Ils étaient au courant qu’il y avait du travail dissimulé. Mais ils manquaient de preuves. Je déteste les papiers mais je garde tout, je leur ai donc tout donné : mes relevés bancaires portugais, mes bulletins de paie et les feuilles qu’on signait à part pour les heures supplémentaires. Ils ont pu remettre ces documents sur le procès pénal qu’ils avaient déjà en cours. Je pense que, grâce à ça, ils ont pu avancer.
Vous avez eu le courage et l’occasion de pouvoir résister, mais bien d’autres ne le font pas. Que se passe-t-il pour eux ?
Ils finissent clochards en France. Ou ils acceptent leur billet d’avion ou de bus. Il se disent que mieux vaut peu que rien du tout, que le salaire est toujours meilleur qu’au Portugal – où ils touchent autour de 500 euros au lieu de peut-être 1 300 ici – et ils acceptent de rentrer chez eux. Ils ferment leur gueule.

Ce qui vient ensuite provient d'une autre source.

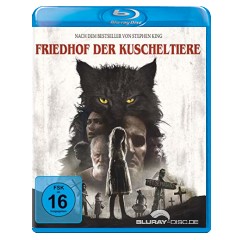 friedhof-der-kuscheltiere-2019.jpg friedhof-der-kuscheltiere-2019.jpg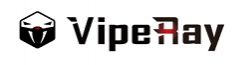 VipeRay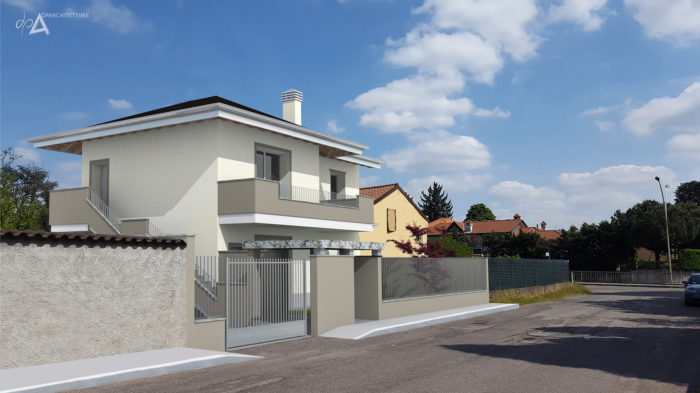 DPA_Render nuova Villetta_vista1-150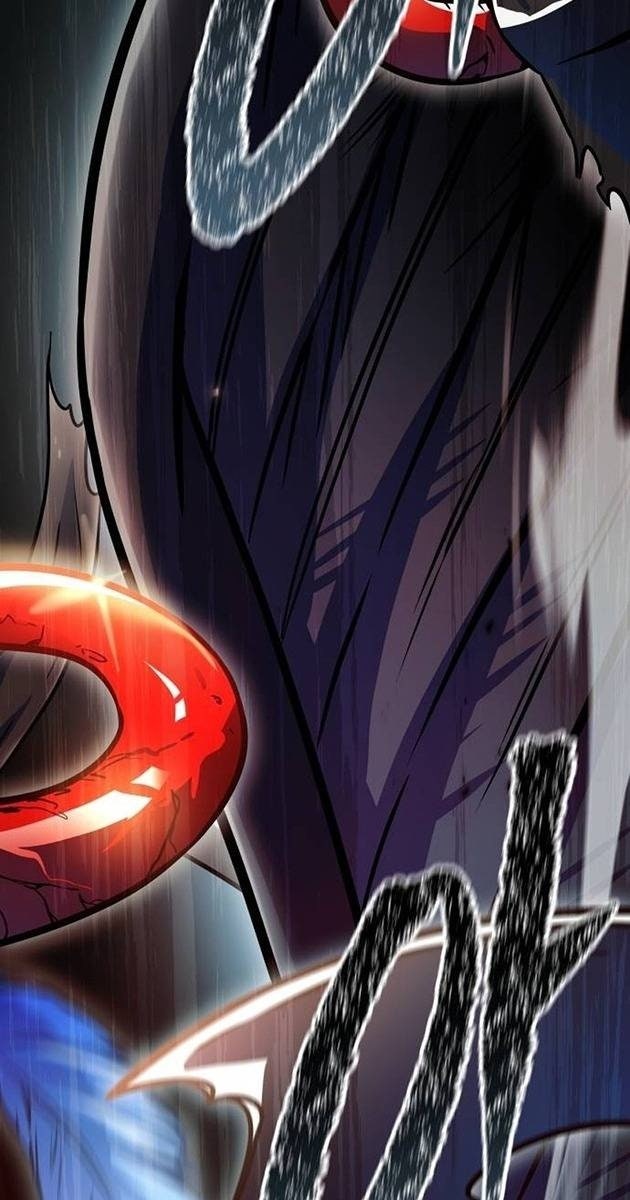 Cuộc Chiến Trong Tòa Tháp - Page 349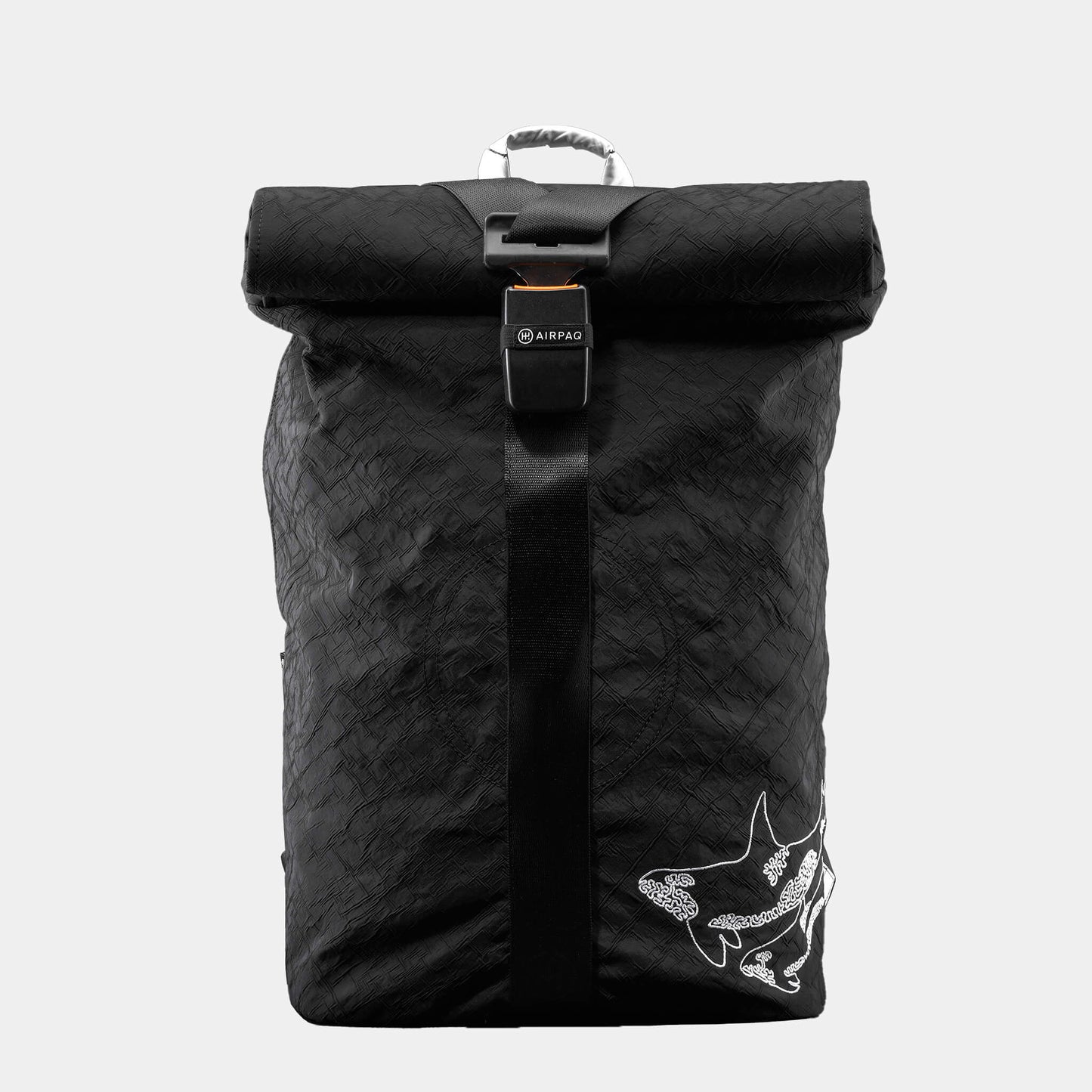 Orca Kollektion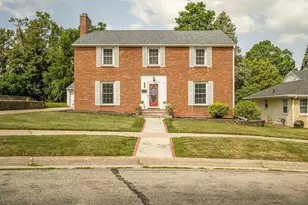725 14th Ave, Monroe, WI 53566 - Photo 1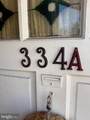 332-334 South Avenue - Photo 15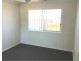 16 Turner Street, Ormeau Hills QLD 4208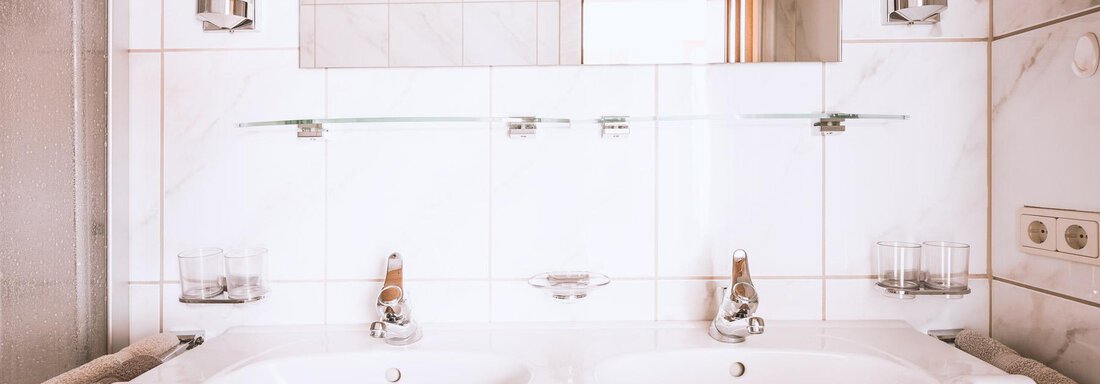 _MG_9306 - Pension Garni Neururer - Sölden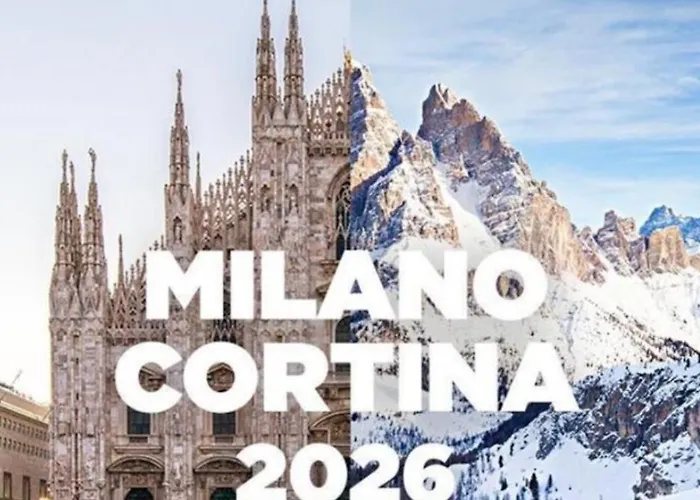 Apartament Mattiocco *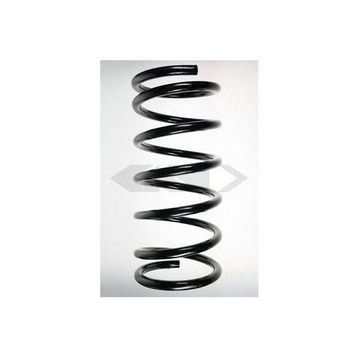 Günsan 5463022000 Excel Ön Helezon Yayı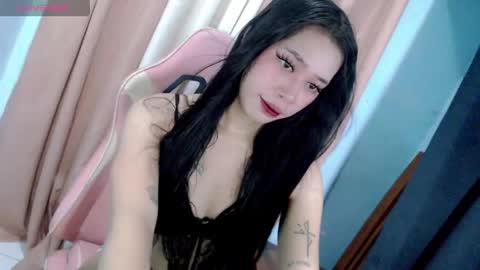 DIANA online show from May 15, 2026, 4:19 am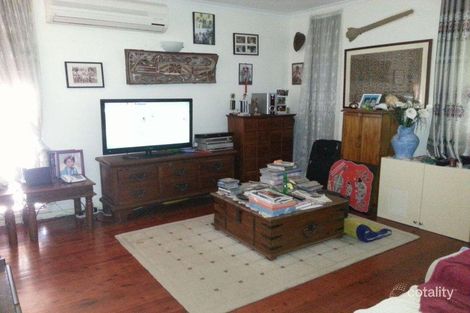 Property photo of 161 Lee Point Road Wanguri NT 0810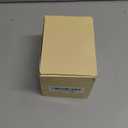 Satisure Wireless Doorbell Chime for Google Nest Doorbell (Wired, 2nd Gen) Doorbell Extender with Receiver Connects to Existing Hardwired 58 Chimes and 5 Volume for Home (1 Video Extender 2 Receiver (White)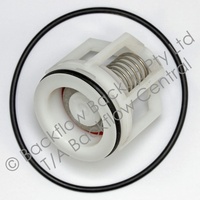 65-80mm 007 Ck1 Module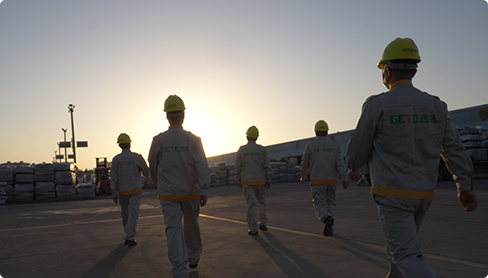 ����ϣ����(williamhill)���Ĺٷ���վ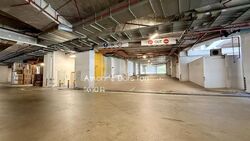 POLARIS @ WOODLANDS (D25), Factory #478709471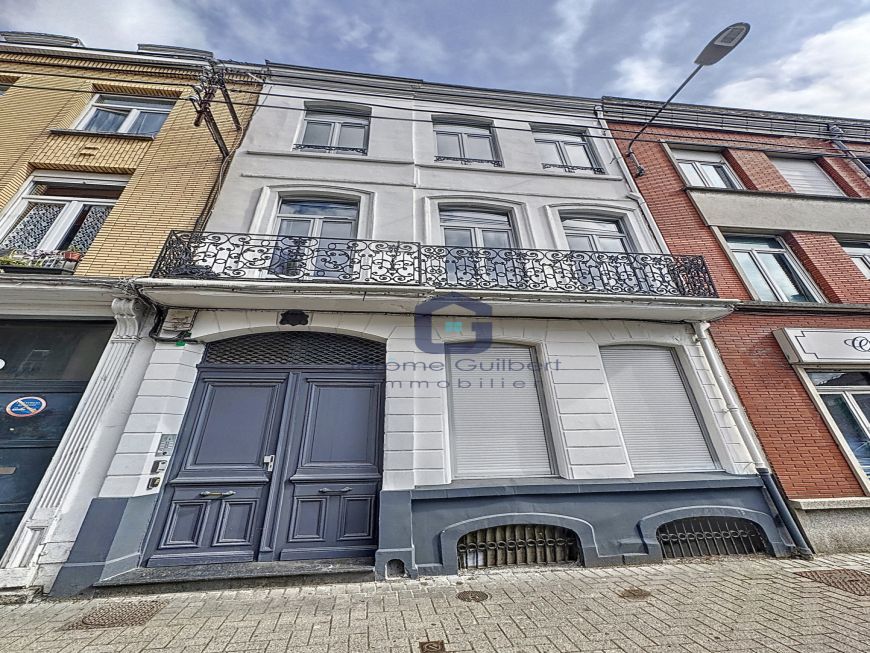 LILLE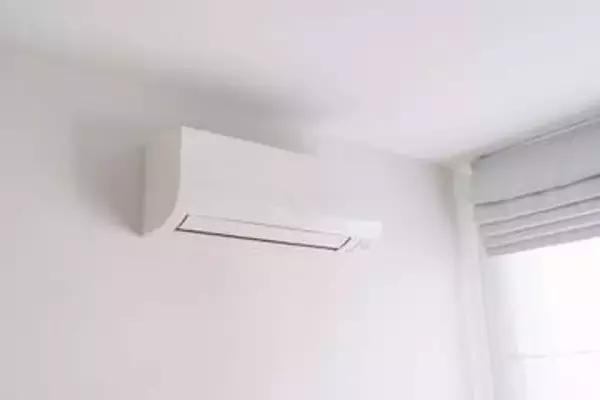 「電気代がもったいない」は命の危険！怖い高齢者の自覚なき熱中症　「エアコン補助制度」の確認と「訪問支援」活用を【社会福祉士が解説】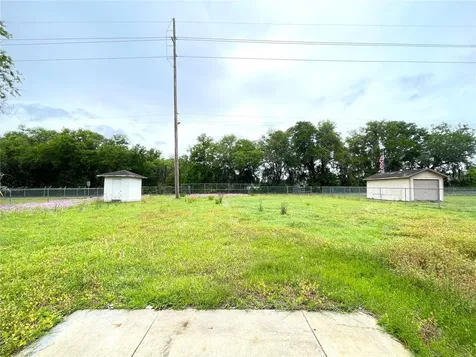 4250 NW 26th Terrace Ocala FL 34475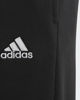 Immagine di ADIDAS - PANTALONI DA ALLENAMENTO ENTRADA 22 - H57518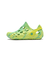 MK266756　17-22 HYDRO MOC　GREEN　663594-0001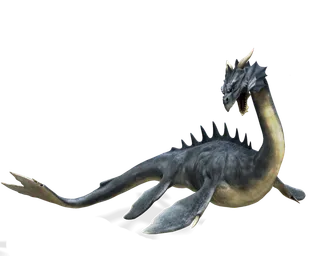 龙 飞龙火龙飞天龙喷火龙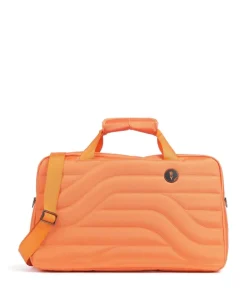 BY Itaca Weekender orange 47 cm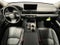 2026 Honda Pilot AWD Elite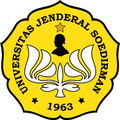BSI Unsoed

Quand j’ai travaillé en Guyane, moi aussi, on m’a donné mon billet d’avion. Je suis rentré au Portugal et j’ai été payé plus tard. Moi aussi, j’ai fermé ma gueule.
Quelle est votre situation aujourd’hui ?
Le CDD avec la boîte lyonnaise s’est très mal terminé, car au bout de deux mois, encore une fois, je n’étais pas payé. La CGT m’a accompagné dans une action aux prud’hommes grâce à laquelle j’ai pu récupérer mon salaire. Ça a été encore une épreuve.
Mais j’ai fini par trouver du travail à Volvic pour une entreprise d’électricité d’une quarantaine de personnes, en décembre 2014. D’abord en intérim, puis le patron m’a embauché en CDI en février 2015. Un très bon patron. Aujourd’hui, même si ma boîte ferme, ou que mon patron n’est plus content de moi, j’aurai le chômage et je pourrai facilement chercher ailleurs. Si je suis malade, je peux m’arrêter et disposer d’un traitement. La vie est belle.
Comment pourrait-on éviter ce qui vous est arrivé ?
L’enfer que j’ai vécu pendant toutes ces années doit se terminer pour tout le monde. Si les punitions étaient plus lourdes, il y aurait moins d’abus. En décembre 2015, Alberto Verissimo a été condamné pour travail dissimulé : le véritable employeur des salariés portugais, c’était bien Veriferme et non pas Tempo Indeterminado. Il a pris trois mois de prison avec sursis et 10 000 euros d’amende. Son avocat lui a peut-être coûté plus cher !
Alberto Verissimo a une très belle maison et une très belle voiture. Je ne suis pas jaloux, mais l’a-t-il mérité grâce à son travail ? Ou est-ce plutôt grâce aux employés qu’il a sous-payés, et aux impôts et cotisations qu’il a évités ? L’Urssaf s’est portée partie civile dans le procès : son redressement s’élève à plus d’un million d’euros.
Propos recueillis par Eva Thiebaud
Alberto Verissimo : “Le témoignage de Francisco est complètement faux”
“Je n’ai rien à me reprocher. J’ai donc fait appel du jugement de décembre 2015, et du redressement de l’Urssaf”, se défend Alberto Verissimo.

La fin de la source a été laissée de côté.